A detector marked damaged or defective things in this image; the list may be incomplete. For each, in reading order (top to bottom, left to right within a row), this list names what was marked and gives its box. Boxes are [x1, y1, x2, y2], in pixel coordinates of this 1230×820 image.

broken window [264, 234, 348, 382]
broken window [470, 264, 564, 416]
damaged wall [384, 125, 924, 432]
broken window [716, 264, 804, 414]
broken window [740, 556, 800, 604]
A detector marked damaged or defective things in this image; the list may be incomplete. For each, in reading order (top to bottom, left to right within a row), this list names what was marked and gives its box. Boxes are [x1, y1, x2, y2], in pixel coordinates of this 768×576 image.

▬▬▬

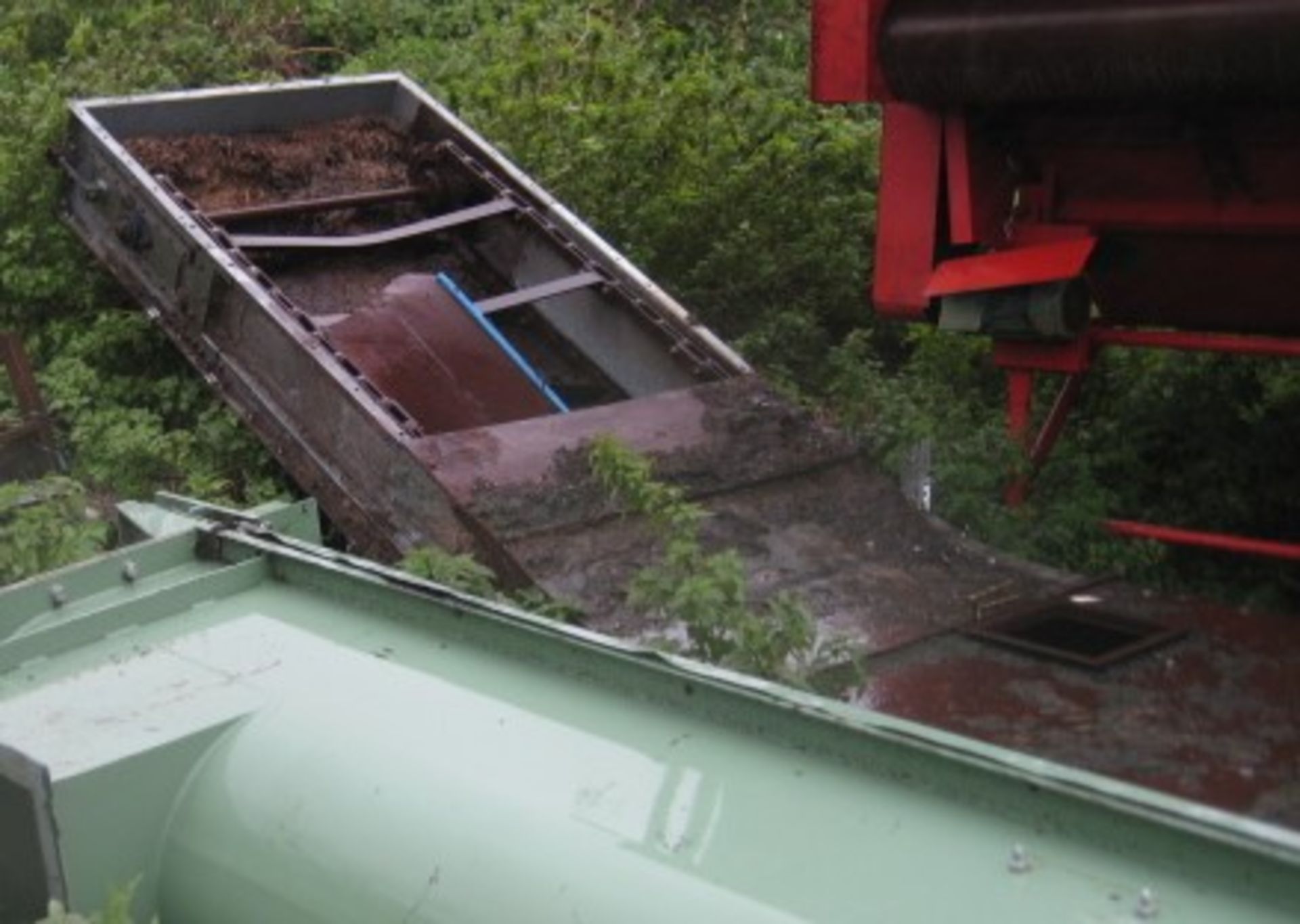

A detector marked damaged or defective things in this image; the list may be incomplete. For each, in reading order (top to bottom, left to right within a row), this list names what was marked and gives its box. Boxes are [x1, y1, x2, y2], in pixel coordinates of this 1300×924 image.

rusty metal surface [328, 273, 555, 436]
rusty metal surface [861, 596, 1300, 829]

▬▬▬

Could you retype exactly the lines above, starting at the line that contains "this 1230×820 image." and ending at the line that contains "this 768×576 image.", and nothing more?

Response for this exercise.
A detector marked damaged or defective things in this image; the list may be incomplete. For each, in reading order (top to bottom, left to right within a row), this list names what was marked and gives its box. Boxes are [x1, y1, x2, y2], in pixel coordinates of this 1230×820 image.

broken window [264, 234, 348, 382]
broken window [470, 264, 564, 416]
damaged wall [384, 125, 924, 432]
broken window [716, 264, 804, 414]
broken window [740, 556, 800, 604]
A detector marked damaged or defective things in this image; the list may be incomplete. For each, in reading order (top to bottom, left to right within a row), this list names what was marked and gives its box. Boxes are [x1, y1, x2, y2], in pixel coordinates of this 768×576 image.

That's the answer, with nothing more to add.